Die Beklagte kann sich mithin nicht mit Erfolg darauf berufen, dass die Klägerin den mit einfachem Brief versandten Vermittlungsvorschlag erhalten hat.

b. Zu einem anderen Ergebnis trägt auch nicht die in § 37 Abs. 2 SGB X normierte Zugangsfiktion bei.

Danach gilt ein schriftlicher Verwaltungsakt, der im Inland durch die Post übermittelt worden ist, am dritten Tag nach der Aufgabe zur Post als bekannt gegeben (§ 37 Abs. 2 Satz 1 SGB X). Dies gilt nicht, wenn der Verwaltungsakt nicht oder zu einem späteren Zeitpunkt zugegangen ist; im Zweifel hat die Behörde den Zugang des Verwaltungsaktes und den Zeitpunkt des Zugangs nachzuweisen (§ 37 Abs. 2 Satz 3 SGB X).

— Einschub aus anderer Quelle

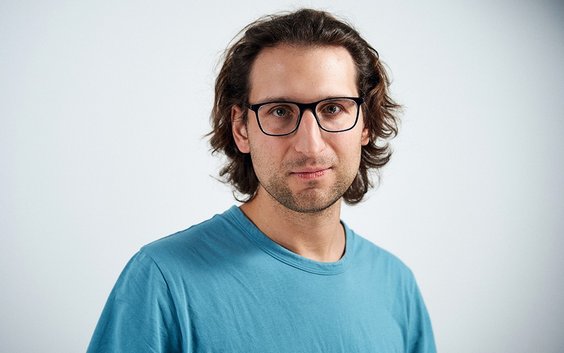 dr hab. Michał Parniak pracuje na Wydziale Fizyki oraz w Centrum Optycznych  Kwantowych Technologii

Bei einem Vermittlungsvorschlag handelt es sich um ein einfaches behördliches Schreiben, welches unmittelbar keine Rechtsfolgen auslöst. Es handelt sich mithin nicht um einen Verwaltungsakt im Sinne von § 31 SGB X. Danach ist ein Verwaltungsakt eine hoheitliche Maßnahme auf dem Gebiet des öffentlichen Rechts mit unmittelbarer Rechtswirkung nach außen. Die Beklagte kann sich daher nicht mit Erfolg auf die Zugangsfiktion gemäß § 37 Abs. 2 SGB X berufen, welche nach ihrem eindeutigen Wortlaut nur auf Verwaltungsakte Anwendung findet. Eine analoge Anwendung für andere Handlungsformen der Verwaltung kommt nicht in Betracht (vgl. Pattar, jurisPK-SGB X, § 37, Rdnr. 111).

Doch selbst wenn man § 37 Abs. 2 SGB X analog anwenden würde, würde dies an dem fehlenden Nachweis des Zugangs bei der Klägerin nichts ändern.

Zum einen gilt die Bekanntgabefiktion nach Satz 3 der Vorschrift nicht, wenn der Verwaltungsakt nicht oder zu einem späteren Zeitpunkt tatsächlich zugegangen ist; im Zweifel hat die Behörde den Zugang des Verwaltungsaktes und seinen Zeitpunkt nachzuweisen. Dabei besteht weitgehende Einigkeit dahingehend, dass Zweifel bereits dann vorliegen, wenn der Zugang überhaupt bestritten wird. Der betroffenen Person dürfte regelmäßig eine Substantiierung überhaupt nicht möglich sein, sie ist daher auch nicht erforderlich (vgl. BSG vom 26.07.2007, Az.: B 13 R 4/06 R; LSG Baden-Württemberg vom 14.03.2008, Az.: L 8 AS 5579/07). In einem solchen Fall werden daher bereits durch bloßes Bestreiten Zweifel am Zugang ausgelöst.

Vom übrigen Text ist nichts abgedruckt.